*** RECORDED INFORMATION ***

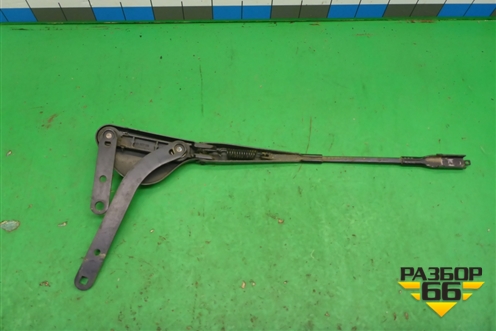 Поводок стеклоочистителя правый (A1728200340) для Mercedes Benz SLK R172 с 2010-2016г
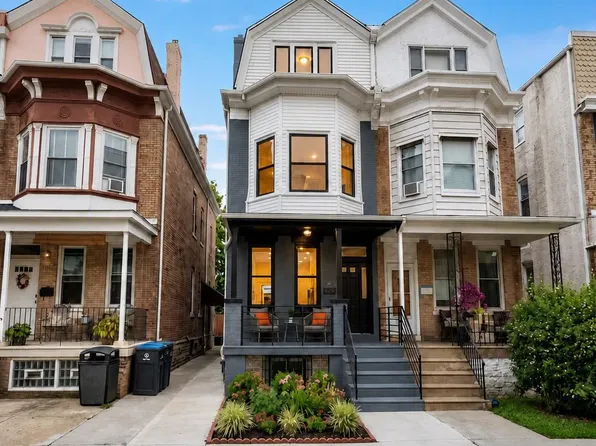 111 W Sharpnack St, Philadelphia, PA 19119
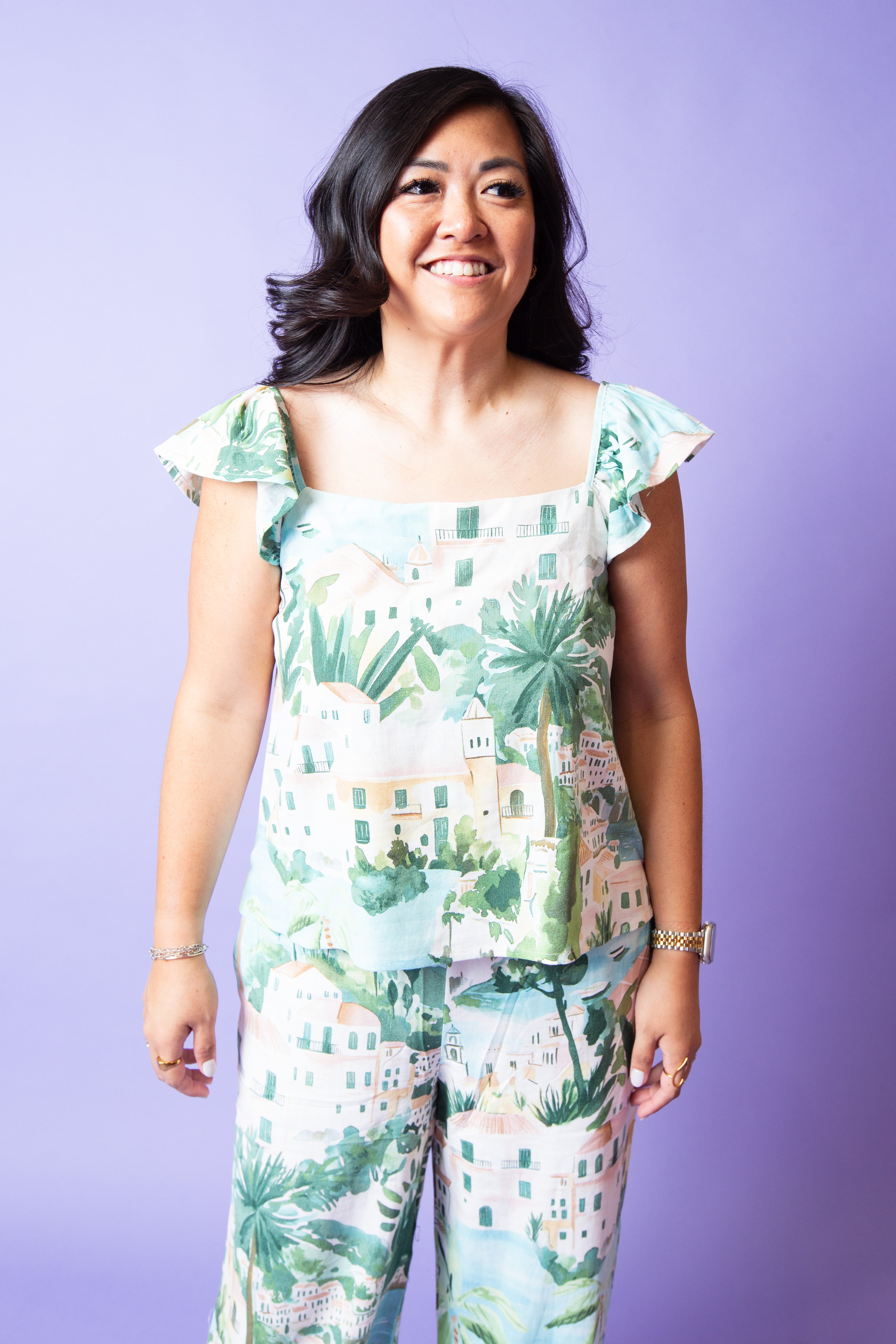Isla Breeze Top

*** End of RECORDED INFORMATION ***

**WHAT TO WORK ON**
Please return the material above unchanged, with every picture removed.

**SOLUTION TO THIS PROBLEM**
 Поводок стеклоочистителя правый (A1728200340) для Mercedes Benz SLK R172 с 2010-2016г
 111 W Sharpnack St, Philadelphia, PA 19119
Isla Breeze Top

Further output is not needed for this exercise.